Man traf sich, aß gemeinsam. Selbstgemachte Maultaschen gab es beim ersten Date, Scampi, später Walnusseis. Walnusseis kann Susanne nicht leiden. Sie aß es trotzdem. Schlecht sei ihr am Ende gewesen – nicht wegen des Walnusseises, „sondern weil ich so aufgeregt war“, sagt die heute 61-Jährige.
„Hochzeitsgeschenke gibt es nur alle vier Jahre“
Im österreichischen Salzburg gingen sie spazieren. Es war der 29. Februar 2000, Millenniumjahr, Zeitenwende, Beziehungsneuanfang. Der erste Kuss: im Aufzug der Mönchsbergtiefgarage. „Wir haben uns anfangs eher heimlich getroffen“, gestehen beide. Die zwei Kinder aus erster Ehe waren damals acht und zwölf Jahre alt. Erstmal probieren, wie es funktioniert, lautete die Devise. Und die Erkenntnis? Funktionierte besser als gedacht.
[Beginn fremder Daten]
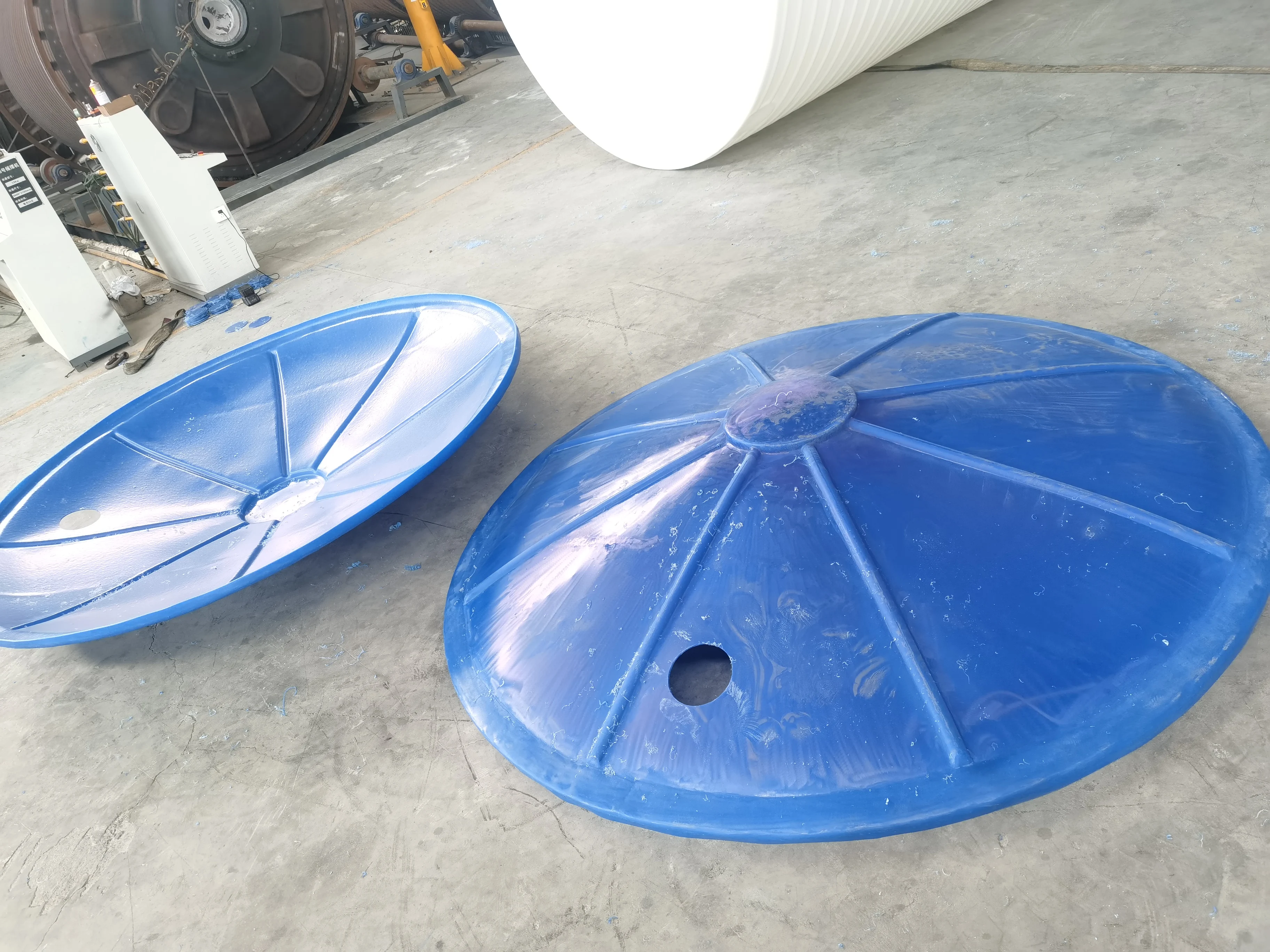 2000L food grade large plastic fish tubs
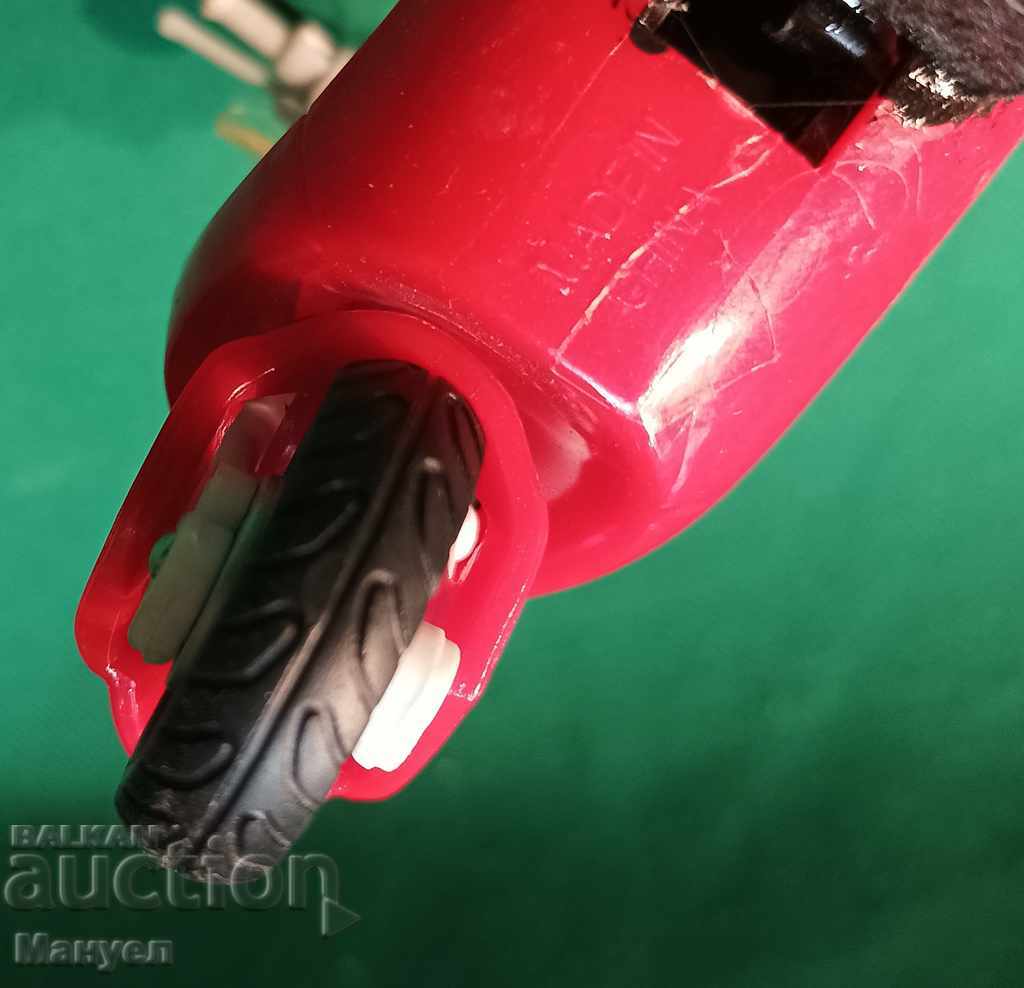 Παράδοση Πουλάω μοντέλο μοτοσυκλέτας. Παράδοση Πουλάω μοντέλο μοτοσυκλέτας.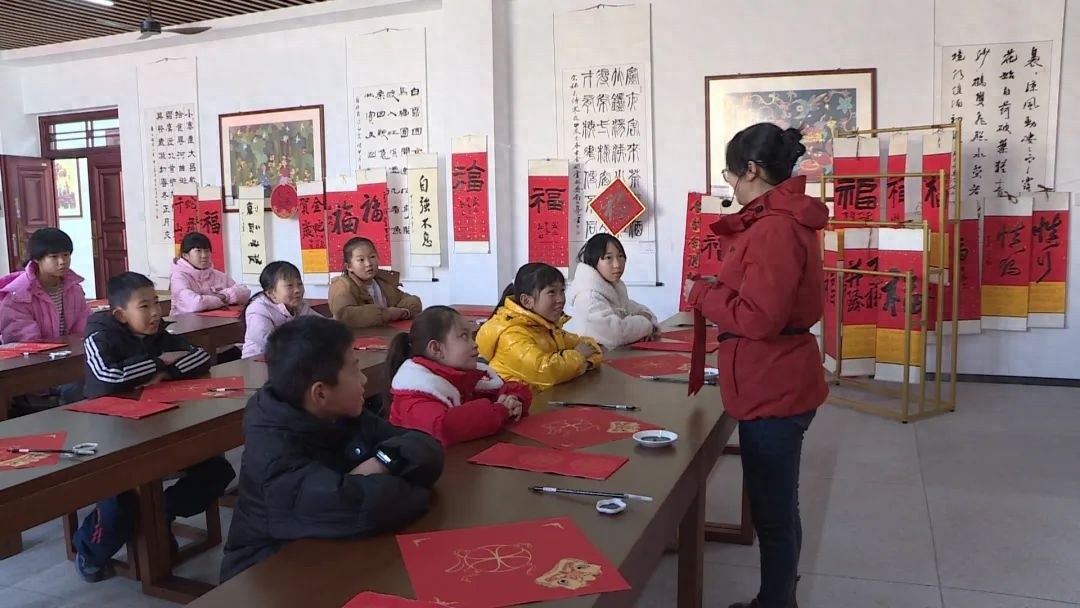 2025年岷县春节活动：青少年如何通过写福字感受浓浓年味儿？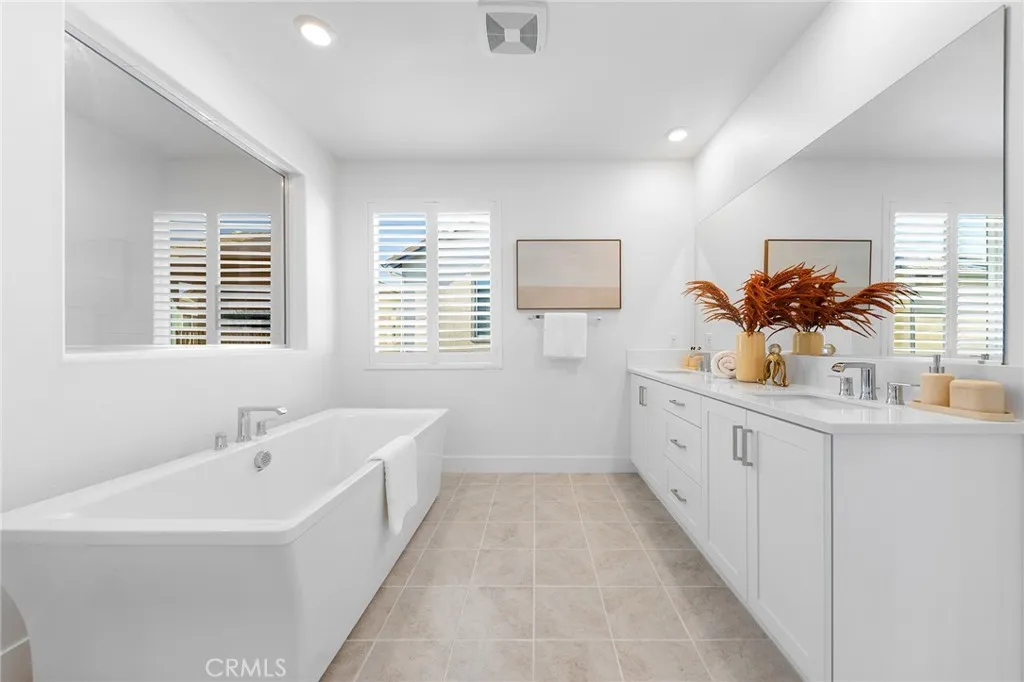 Additional image 31 of 208 Zawn, Irvine, CA 92618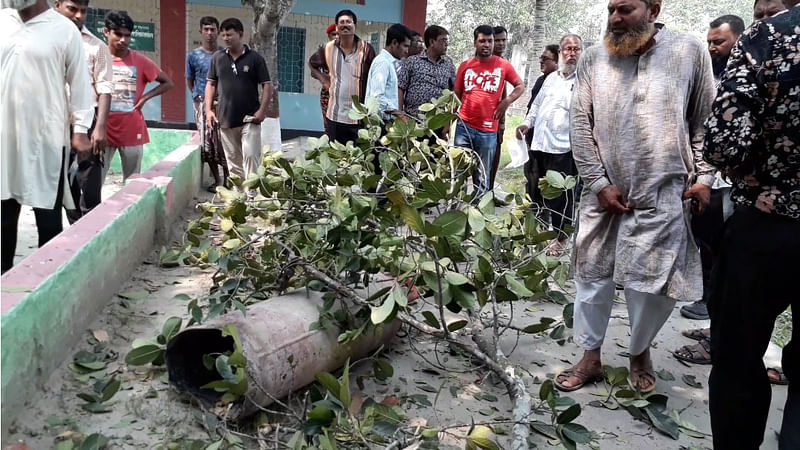 পাবনার ঈশ্বরদীতে গ্যাসের সিলিন্ডার বিস্ফোরণে শিশুসহ ৬জন আহত হয়েছে। ছবি: প্রথম আলো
Mit der gleichgeschlechtlichen Beziehung gingen sie kein Wagnis ein. Warum auch? Die, die tuschelten, durften weitertuscheln. In der Arbeit spielten sie schnell mit offenen Karten. Seit 25 Jahren arbeiten sie nun im selben Betrieb. Arbeit bleibt Arbeit, Liebe Liebe, sagen sie. Nach einem Probejahr mit zwei parallelen Wohnungen entschlossen sie sich, zusammenzuziehen.
Auf Teneriffa verlobten sie sich zu Susannes 40. Geburtstag. Birgit war da 33 Jahre alt. Die zwei Ringe im Samtbeutel kamen mit. „Ich hatte Panik, dass ich sie verlieren könnte“, sagt sie. Die Hochzeit plante die heute 55-Jährige dann still und leise, ohne das Wissen ihrer zukünftigen Frau: 29. Februar 2008 war der Stichtag. Das Datum war auch der Tag des ersten Kusses. Ein Tag, der in vielerlei Hinsicht besonders ist. „Hochzeitsgeschenke gibt es nur alle vier Jahre“, sagt Birgit Pfeiffer mit einem Grinsen.
Hochzeitstag auf dem Campingplatz
Zwei Wochen vor der geheimen Hochzeit, bei der die Familie still hielt und das Gros der Planung glattlief, fehlte doch noch ein Dokument. Susanne musste schließlich eingeweiht werden. In Bayern kann man seit 2001 Partnerschaften auf Lebenszeit eingehen. In Bayern wird die Lebenspartnerschaft durch Erklärung vor einem Standesbeamten oder vor einem Notar begründet. Dafür gibt es eine Urkunde und einen Eintrag ins Lebenspartnerschaftsregister. Im Jahr 2008 waren die beiden das 100. Paar in Bayern, das sich das „Ja“-Wort gab, im kleinen Berchtesgaden eines der ersten überhaupt.
Was sie verbindet? Mit Sicherheit das Essen (hahaha!), aber auch das Reisen. Früher war das gewählte Transportmittel das Flugzeug, seit Corona ist es das gemeinsame Wohnmobil „Valentino“, mit dem sie Europa erkunden. Am Wolfgangsee teilen sie sich seit mehr als zwei Jahrzehnten einen Wohnwagen. Gerade waren sie in Frankreich und Spanien, 4000 Kilometer, knapp drei Wochen. Der vierte Hochzeitstag wird bodenständig zu zweit gefeiert. Im Wohnmobil, aber zu Hause in Berchtesgaden. Auf einem Campingplatz in der Heimat werden sie einchecken. Das haben sie schon mehrfach getan. Den Spleen hatten sie sich während der Coronapandemie angeeignet.